Background and aim: Hepatitis E virus (HEV) infection is endemic in several developing countries. Clinical manifestations of this infection vary widely from asymptomatic infection to uncomplicated acute viral hepatitis and fulminant hepatic failure. The pathogenesis of this disease and the reason of varying disease severity remain unknown. In viral infections, tissue injury can be caused either by virus itself or by host immune responses directed against infected cells. We therefore studied adaptive immune responses to HEV antigens in patients with hepatitis E of varying disease severity and healthy controls.
Methods: Cytokine secreting CD4+ T cells and antibody-producing B cells specific for HEV were enumerated through intracellular cytokine staining and enzyme-linked immunosorbent spot assay, respectively.

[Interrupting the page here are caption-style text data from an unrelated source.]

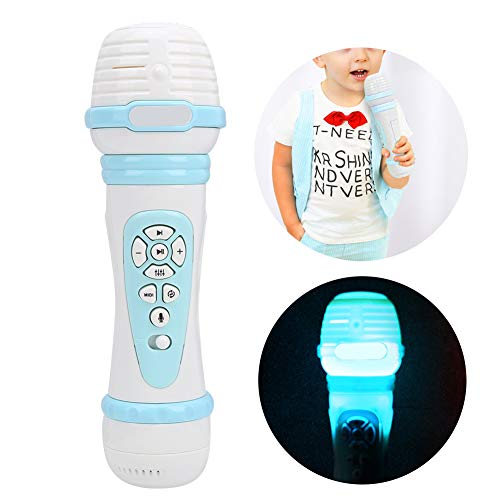 01 Juguete de micrófono, micrófono de Karaoke para niños Que se Puede Cambiar por Voz, Azul plástico Colorido Interesante para niños(Multifunctional Fun Microphone-Microphone Blue)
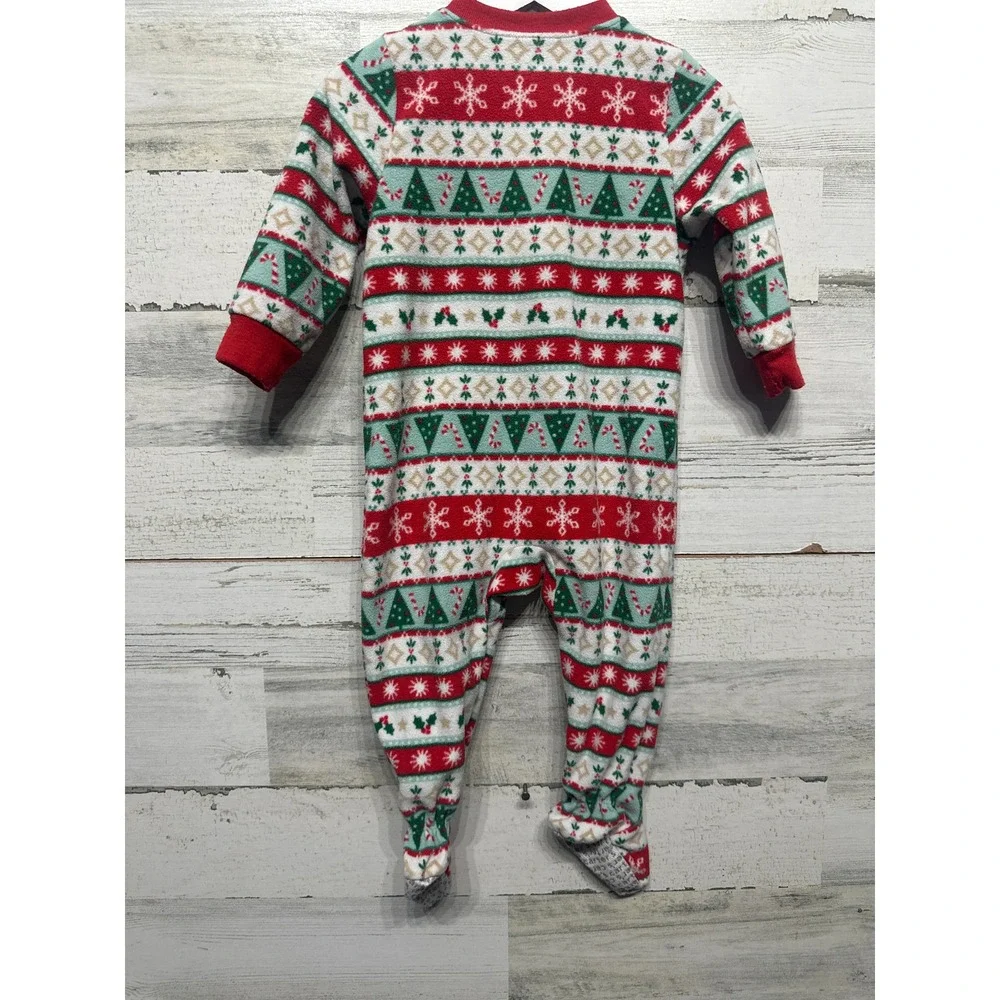 Carter's Footed Pajamas Kids 12M Red Fair Isle Holiday Fleece EUC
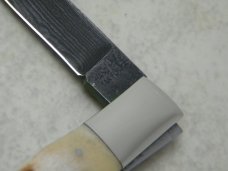 Hand Made Tak Fukuta SM-352 Japan Stag Damascus Lockback Knife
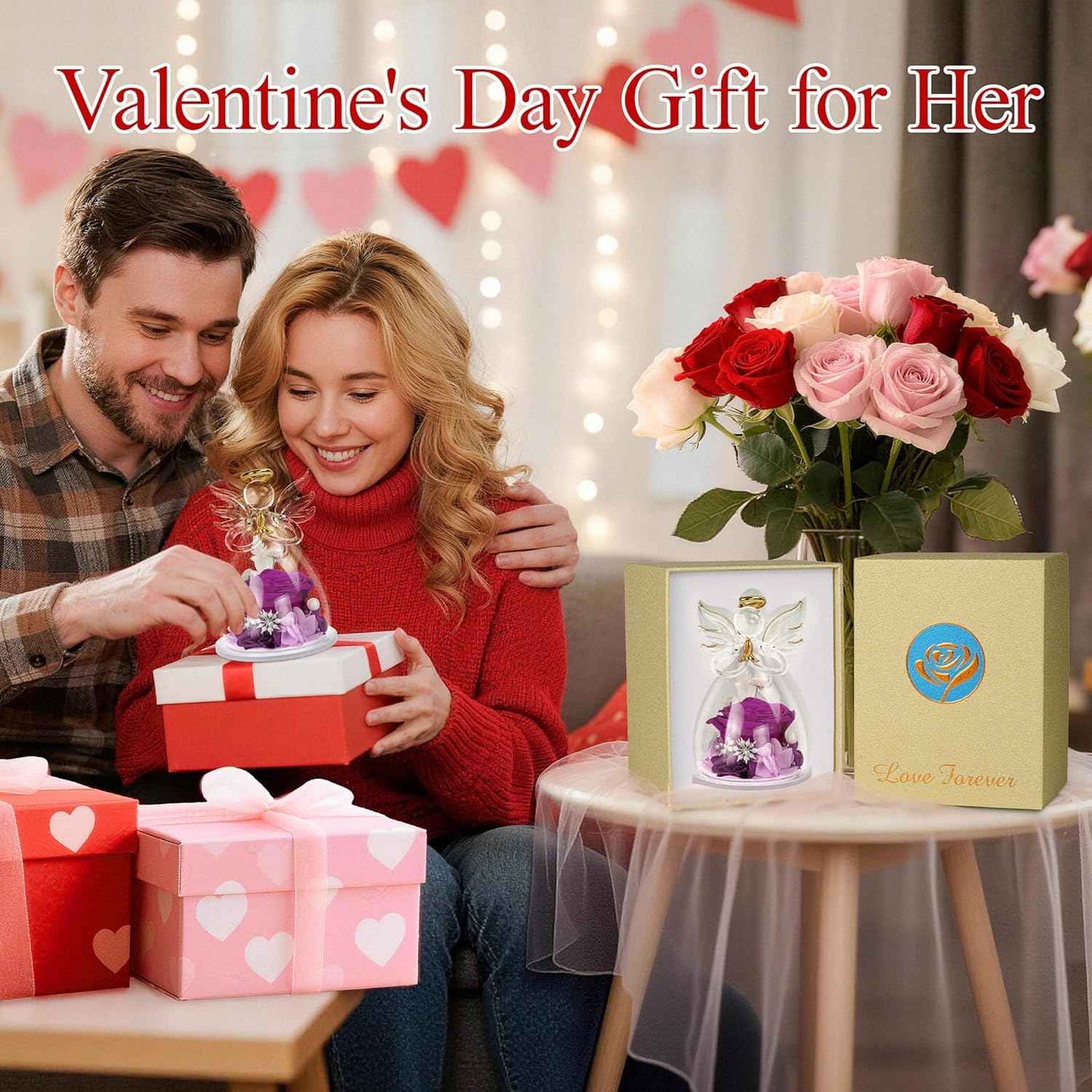 Valentines Day Rose Gifts for Her,Fresh Flowers for Delivery,Birthday Gifts for Women Mom,Preserved Flowers in Glass Angel Figurine,Angel Mothers Day Rose Gift for Mom Grandma,Purple Gift Valentines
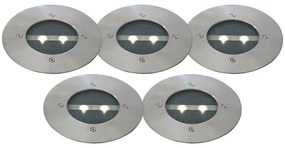 Set di 5 faretti da terra moderni in acciaio IP44 solari - Tiny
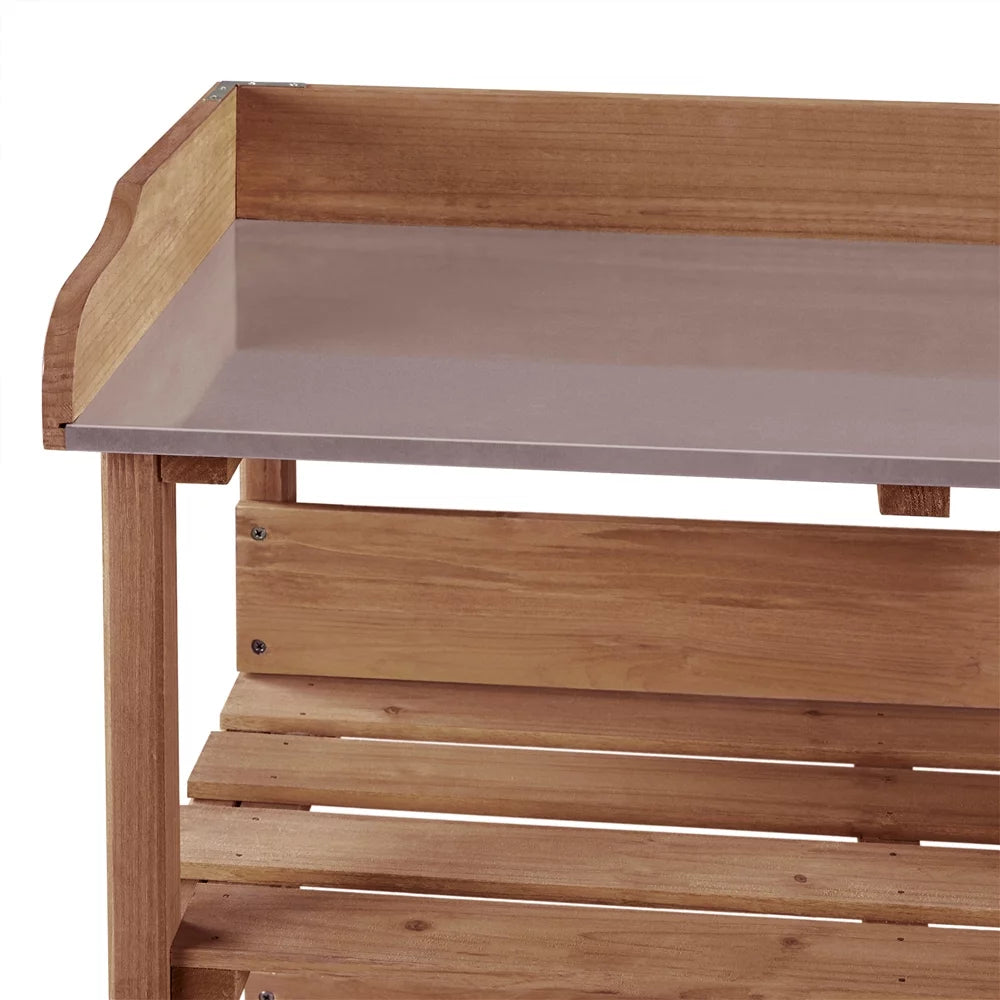 Brown Outdoor Potting Bench Table with Storage Shelf U472046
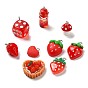 Resin Pendants, with Platinum Plated Iron Loops, Dice & Strawberry & Bear, Mixed Shapes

Results: Patients with fulminant hepatitis E had a less marked expansion of HEV-specific interferon-γ or tumor necrosis factor-a secreting CD4+ T cells than patients with uncomplicated hepatitis E and healthy controls. These patients also had fewer CD4+ T cells that produce γ-interferon or tumor necrosis factor-a upon in vitro polyclonal stimulation. In addition, patients with fulminant disease had a more marked expansion of B cells that can secrete immunoglobulin G anti-HEV than patients with uncomplicated infection and control patients.
Conclusion: These findings suggest that less-marked antiviral cellular immune responses and heightened antiviral humoral responses are associated with a more severe disease during HEV infection.